- SOURCE MATERIAL -
|---|

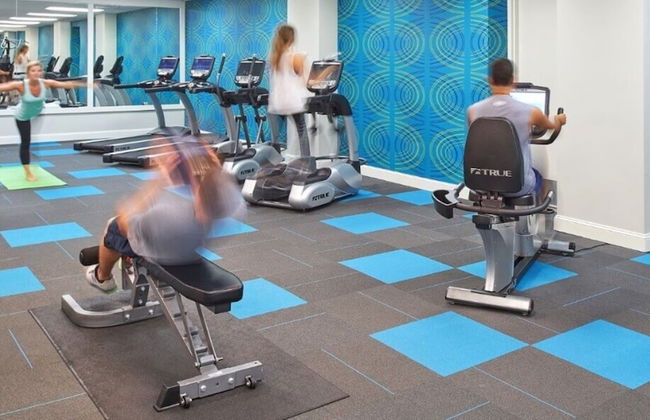 Bluebird Suites near AutoZone Park - Foto 39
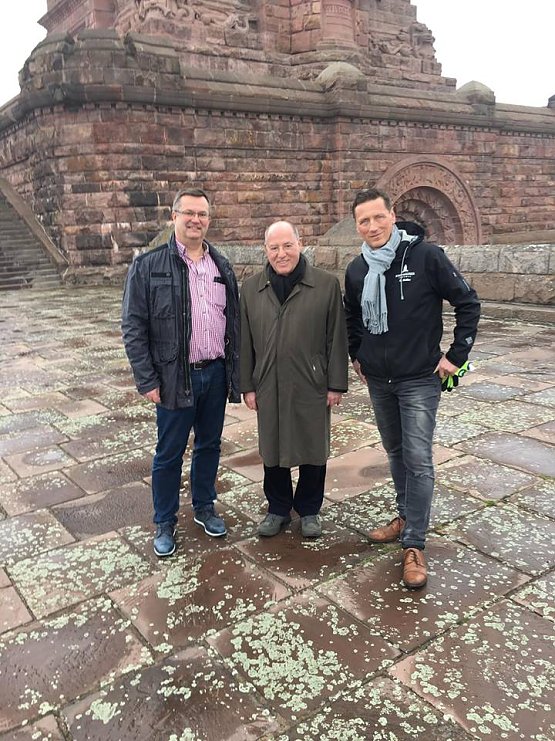 Bild: Gregor Gysi (Die Linke) besuchte heute das Kyffh&auml;userdenkmal...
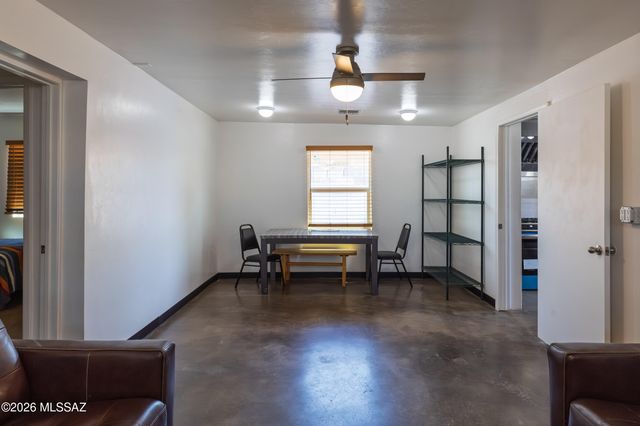 802 E Silverlake Road, Tucson, AZ 85713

|---|

- WORK ITEM -
Repeat the material above precisely as it appears, omitting the images it contains.

- WRITTEN ANSWER -
 Bluebird Suites near AutoZone Park - Foto 39
 Bild: Gregor Gysi (Die Linke) besuchte heute das Kyffh&auml;userdenkmal...
 802 E Silverlake Road, Tucson, AZ 85713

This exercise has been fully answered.